Una pediatria che non si limita a pesare e misurare, ma che intercetta fragilità, guida i genitori, previene prima ancora di curare.
Nel mio studio convivono bilanci di salute, consulenze sull’alimentazione, vaccinazioni, e tante - forse troppe - acuzie, spesso banali.
Ma il mio lavoro, si sa, non è solo medicina: è relazione, continuità, fiducia. E l’acuzia anche se banale, fa parte del gioco.
Lavoro in uno studio ben organizzato, con strumenti adeguati e ho una f***a rete di colleghi con cui confrontarmi. A Bari e in tutta Italia.
Effettuo diagnostica di primo livello, ho tassi vaccinali altissimi, faccio corsi di genitorialità online e dal vivo. Il tempo non basta mai per quello che vorrei fare.
Quando funziona, questo modello evita accessi inutili in ospedale, riduce prescrizioni inappropriate, supporta la genitorialità e restituisce centralità al territorio.
Non è teoria: è la mia pratica quotidiana.
La mia e quella di tanti altri colleghi come me.
Le pecore nere esistono, certo. Ma esistono in tutti i settori. E non possono ledere l’immagine di una intera categoria.
Il modello di pediatria che conosciamo è il motivo per cui l’Italia vanta uno dei tassi di mortalità infantile più bassi al mondo.
Basta chiedere a chi vive fuori confine quanto sia difficile reperire un pediatra e quanto i genitori si sentano soli. Basta chiedere ai genitori italiani quanto sia necessario per loro il pediatra di famiglia.
Ma qualcosa, anche qui in Italia, nel tempo sta cambiando.
Un po’ la genitorialità sempre più fragile e ansiosa, un po’ la burocratizzazione, un po‘ i numeri. Il tempo di cura si sta limitando.
Io stesso, nell’ultimo anno sono passato da assistere 800 bambini a 1000. E non nascondo la difficoltà di gestione. La stanchezza fisica e mentale.
È ovvio che l’assistenza è cambiata. In peggio. Nonostante la mia giovane età, nonostante l’impegno.
Non oso immaginare se - come paventato dalla riforma - dovessero assegnarmene 1500. Povero me e povere famiglie!
Questo è si il lavoro più bello del mondo… ma devi essere pronto a combattere ogni giorno per poterlo fare bene.
Perché la verità è che questo lavoro è diventato faticoso da difendere.
Carichi crescenti, burocrazia che divora tempo clinico, responsabilità sempre maggiori e riconoscimento sempre più incerto e limitato.

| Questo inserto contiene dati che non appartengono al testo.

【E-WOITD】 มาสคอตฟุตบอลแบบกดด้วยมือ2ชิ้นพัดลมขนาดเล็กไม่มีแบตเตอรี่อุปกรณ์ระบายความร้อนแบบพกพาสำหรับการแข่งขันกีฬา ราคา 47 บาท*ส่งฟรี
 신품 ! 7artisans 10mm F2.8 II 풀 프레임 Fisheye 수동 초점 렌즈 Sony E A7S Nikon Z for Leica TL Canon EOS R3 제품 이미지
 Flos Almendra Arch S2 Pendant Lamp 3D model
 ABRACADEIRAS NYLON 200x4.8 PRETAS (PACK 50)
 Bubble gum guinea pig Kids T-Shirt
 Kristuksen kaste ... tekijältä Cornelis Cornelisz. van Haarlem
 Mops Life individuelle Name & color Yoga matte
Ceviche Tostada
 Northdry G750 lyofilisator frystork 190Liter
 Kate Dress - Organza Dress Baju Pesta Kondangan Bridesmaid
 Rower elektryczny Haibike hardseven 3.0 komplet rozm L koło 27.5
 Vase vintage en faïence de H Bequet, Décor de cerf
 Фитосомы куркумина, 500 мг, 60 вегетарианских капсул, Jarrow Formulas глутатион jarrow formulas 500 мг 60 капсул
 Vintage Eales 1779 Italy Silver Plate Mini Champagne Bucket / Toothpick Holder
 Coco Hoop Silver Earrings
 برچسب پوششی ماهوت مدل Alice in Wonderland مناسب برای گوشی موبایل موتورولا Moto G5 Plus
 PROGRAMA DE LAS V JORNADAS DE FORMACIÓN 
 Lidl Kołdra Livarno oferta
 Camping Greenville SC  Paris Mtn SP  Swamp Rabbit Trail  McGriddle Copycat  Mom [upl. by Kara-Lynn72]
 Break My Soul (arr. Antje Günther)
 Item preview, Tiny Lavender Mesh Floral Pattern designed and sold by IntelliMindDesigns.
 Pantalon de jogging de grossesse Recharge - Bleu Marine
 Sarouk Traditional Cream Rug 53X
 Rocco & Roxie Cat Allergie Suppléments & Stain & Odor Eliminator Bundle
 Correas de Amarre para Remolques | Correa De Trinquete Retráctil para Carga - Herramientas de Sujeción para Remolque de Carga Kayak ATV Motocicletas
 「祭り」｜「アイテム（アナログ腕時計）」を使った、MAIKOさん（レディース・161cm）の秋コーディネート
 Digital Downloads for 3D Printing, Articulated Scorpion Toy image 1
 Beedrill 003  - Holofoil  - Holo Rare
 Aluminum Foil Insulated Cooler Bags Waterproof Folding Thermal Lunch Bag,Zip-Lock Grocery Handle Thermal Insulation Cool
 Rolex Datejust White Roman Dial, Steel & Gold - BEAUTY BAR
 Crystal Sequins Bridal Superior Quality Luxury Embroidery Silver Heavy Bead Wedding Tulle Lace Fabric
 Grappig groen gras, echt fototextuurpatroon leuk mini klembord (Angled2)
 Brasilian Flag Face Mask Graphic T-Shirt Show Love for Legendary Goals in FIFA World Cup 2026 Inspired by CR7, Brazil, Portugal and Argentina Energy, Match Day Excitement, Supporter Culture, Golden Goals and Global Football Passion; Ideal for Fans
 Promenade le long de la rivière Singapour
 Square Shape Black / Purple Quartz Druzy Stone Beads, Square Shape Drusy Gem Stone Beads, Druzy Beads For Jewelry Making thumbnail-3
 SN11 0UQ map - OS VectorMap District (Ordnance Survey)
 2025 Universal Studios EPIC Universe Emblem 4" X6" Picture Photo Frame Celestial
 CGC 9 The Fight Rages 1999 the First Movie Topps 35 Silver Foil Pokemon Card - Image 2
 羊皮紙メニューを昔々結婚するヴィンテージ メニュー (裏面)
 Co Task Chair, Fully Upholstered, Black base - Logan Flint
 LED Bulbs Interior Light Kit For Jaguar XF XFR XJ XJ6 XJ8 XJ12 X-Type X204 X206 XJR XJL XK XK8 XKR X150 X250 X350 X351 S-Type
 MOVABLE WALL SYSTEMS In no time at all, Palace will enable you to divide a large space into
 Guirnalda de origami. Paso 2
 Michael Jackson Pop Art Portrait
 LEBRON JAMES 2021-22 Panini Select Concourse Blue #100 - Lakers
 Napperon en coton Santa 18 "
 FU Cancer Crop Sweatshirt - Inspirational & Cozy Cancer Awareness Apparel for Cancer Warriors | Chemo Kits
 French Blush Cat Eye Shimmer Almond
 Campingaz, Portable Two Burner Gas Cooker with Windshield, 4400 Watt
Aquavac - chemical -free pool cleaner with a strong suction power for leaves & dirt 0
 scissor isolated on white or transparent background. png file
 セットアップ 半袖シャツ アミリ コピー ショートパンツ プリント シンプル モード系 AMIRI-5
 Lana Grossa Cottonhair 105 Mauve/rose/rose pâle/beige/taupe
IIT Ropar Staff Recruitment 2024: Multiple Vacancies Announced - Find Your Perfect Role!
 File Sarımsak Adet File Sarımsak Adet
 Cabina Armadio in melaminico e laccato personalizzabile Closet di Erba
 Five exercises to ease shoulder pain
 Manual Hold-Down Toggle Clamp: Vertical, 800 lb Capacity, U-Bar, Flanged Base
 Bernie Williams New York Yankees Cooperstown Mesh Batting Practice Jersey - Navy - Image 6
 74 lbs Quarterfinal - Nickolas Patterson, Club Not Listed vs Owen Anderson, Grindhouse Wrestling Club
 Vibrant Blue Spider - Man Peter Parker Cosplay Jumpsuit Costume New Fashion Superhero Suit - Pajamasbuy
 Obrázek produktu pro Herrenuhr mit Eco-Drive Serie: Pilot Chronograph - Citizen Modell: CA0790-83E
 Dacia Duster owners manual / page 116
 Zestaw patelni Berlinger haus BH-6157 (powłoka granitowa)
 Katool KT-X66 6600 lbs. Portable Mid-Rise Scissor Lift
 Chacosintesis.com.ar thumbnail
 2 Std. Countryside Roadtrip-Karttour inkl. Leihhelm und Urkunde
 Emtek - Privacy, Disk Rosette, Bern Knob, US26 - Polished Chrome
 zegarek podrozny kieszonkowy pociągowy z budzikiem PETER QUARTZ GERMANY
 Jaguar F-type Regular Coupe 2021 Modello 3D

Le riforme parlano di ore, turni, modelli organizzativi.
Tutto legittimo. Ma raramente parlano di ciò che conta davvero: il tempo e la relazione di cura.
Senza quelli, possiamo avere tutte le strutture del mondo, ma resteranno sempre scatole vuote.
Non difendo lo status quo, sia chiaro. Chi lavora sul territorio sa bene che serve evoluzione: più integrazione con specialisti, strumenti diagnostici accessibili, telemedicina vera, percorsi condivisi. Ma tutto questo deve rafforzare — non sostituire — il pediatra di riferimento.
Perché un bambino non ha bisogno di “un pediatra”. Ha bisogno del “suo” pediatra.
E il pediatra non ha bisogno di “pazienti”. Ha bisogno dei “suoi” bambini.
E allora la domanda finale è semplice, forse scomoda: In un sistema come quello che si prospetta - un sistema che frammenta la cura, tra pediatri con 1500 assistiti e Case di Comunità con pediatri “ad ore” - chi si prenderà davvero la responsabilità di crescere insieme a quei bambini?
I bambini finiranno per essere dei numeri, e i pediatri non vedranno l’ora di timbrare un cartellino.